YOUR TASK
Please give back exactly the line with "perfume giftset vibrant" and each line after it through the end of the material, leaving out the pictures.

GIVEN INFORMATION

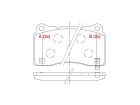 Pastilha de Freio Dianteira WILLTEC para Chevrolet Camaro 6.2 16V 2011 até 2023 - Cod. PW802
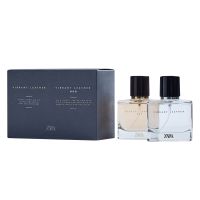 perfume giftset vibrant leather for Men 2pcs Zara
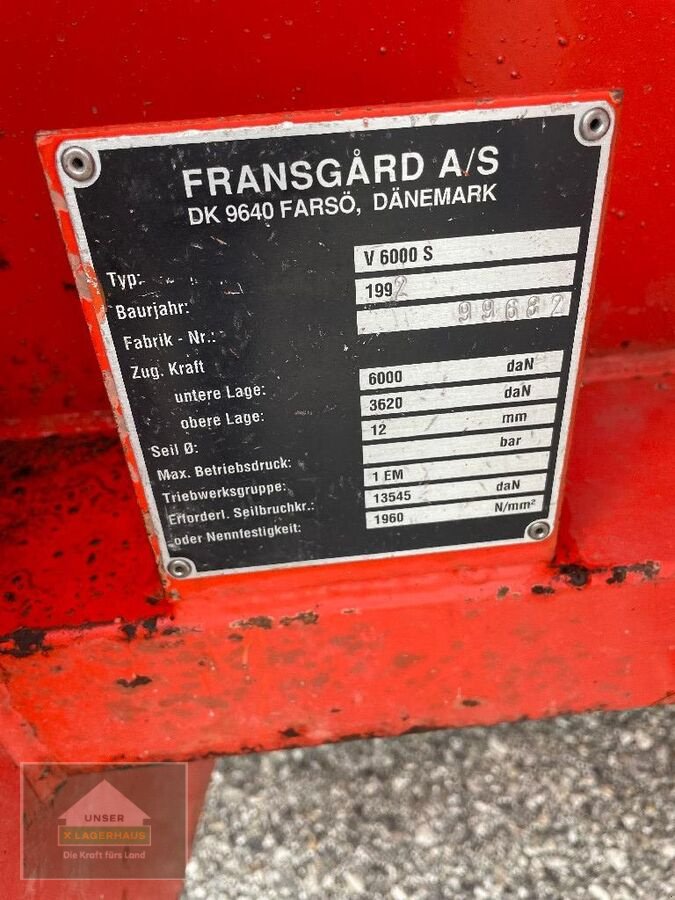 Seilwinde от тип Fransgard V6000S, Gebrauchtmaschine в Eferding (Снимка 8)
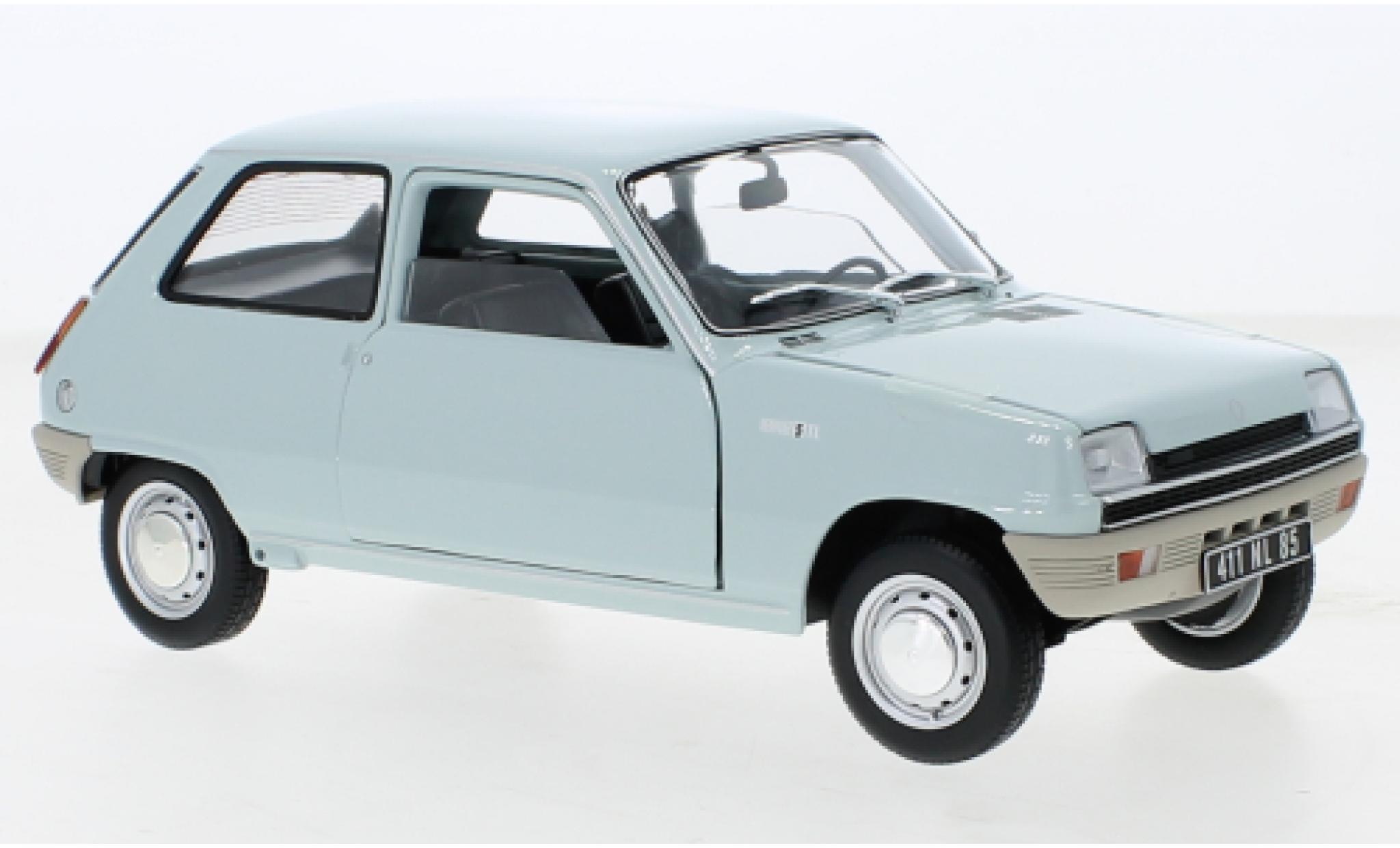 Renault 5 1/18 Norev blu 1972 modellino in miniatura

RESULT FOR THIS TASK
 perfume giftset vibrant leather for Men 2pcs Zara
 Seilwinde от тип Fransgard V6000S, Gebrauchtmaschine в Eferding (Снимка 8)
 Renault 5 1/18 Norev blu 1972 modellino in miniatura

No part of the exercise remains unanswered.